As a jury on Tuesday found former Minneapolis Police officer Derek Chauvin guilty of murdering George Floyd, Washington state was poised to enact some important police reforms.
But lawmakers shrank from a critical bill that would have ensured that law enforcement officers who abuse their authority aren’t put back on the job. Next session, they must remove police disciplinary matters from collective bargaining. It is the key that will unlock the full potential of this session’s important work.
Bills on their way to the governor’s desk would establish a public use-of-force database, require a state auditor review to ensure deadly force investigations were properly conducted, compel officers to intervene when they witness a colleague using excessive force and make it easier for victims to sue for damages.
Not far behind is a bill expanding the grounds for decertifying police and corrections officers and requiring agencies to report separation and disciplinary matters to the Criminal Justice Training Commission. A legislative conference committee is expected to negotiate lingering differences in House and Senate bills prohibiting police use of chokeholds, neck restraints, tear gas and no-knock warrants.
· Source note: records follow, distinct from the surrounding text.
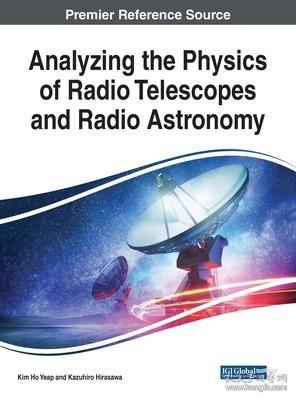现货 Analyzing The Physics Of Radio Telescopes And Radio Astronomy (Advances In Environmental Engineering And Green Technologies (2326-9162)) [9781799823810]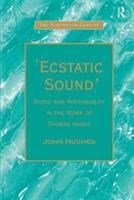 Ecstatic sound : music and individuality in the work of Thomas Hardy /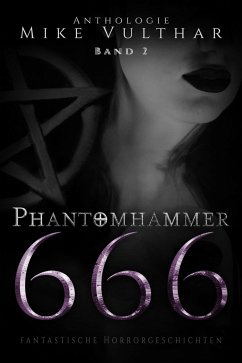 Phantomhammer 666 – Band 2 (eBook, ePUB) - Vulthar, Mike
These bills are the products of robust community engagement and a sense of urgency inspired by the inexcusable deaths of Floyd, Breonna Taylor and, locally, Manuel Ellis, who died of oxygen deprivation in a March 3, 2020, encounter with Tacoma Police.
But the impact of this new legislation is muted somewhat by the Democratic-controlled Legislature’s failure to flout union pressure, and empower police chiefs and sheriffs to purge bad officers from their departments. The Senate Labor, Commerce & Tribal Affairs committee sat on Senate Bill 5134, which would have done just that, in the face of opposition from law enforcement unions and other labor groups.
On April 7, Gov. Jay Inslee signed into law a weaker bill intended to make such arbitration more consistent and transparent. SB 5055 creates a statewide roster of arbitrators appointed by the Public Employment Relations Commission to hear disputes of any disciplinary action, discharge or termination covered by law enforcement collective bargaining agreements. The commission will post arbitrators’ decisions on its website, redacting the names of grievants and witnesses. It isn’t enough.
The year of protests spurred by Floyd’s murder has proven that police misconduct is a vital matter of public interest, fundamentally different from working conditions. There is no justification for discipline to be subject to arbitration. Labor groups are wrong to believe that SB 5134 represented a threat to workers’ rights.
Legislative leaders do a disservice to victims and survivors tby stopping short of holding bad cops accountable for fear of eroding collective bargaining.
Regardless of whether unions have a change a heart next year, lawmakers must find the political will to get it done.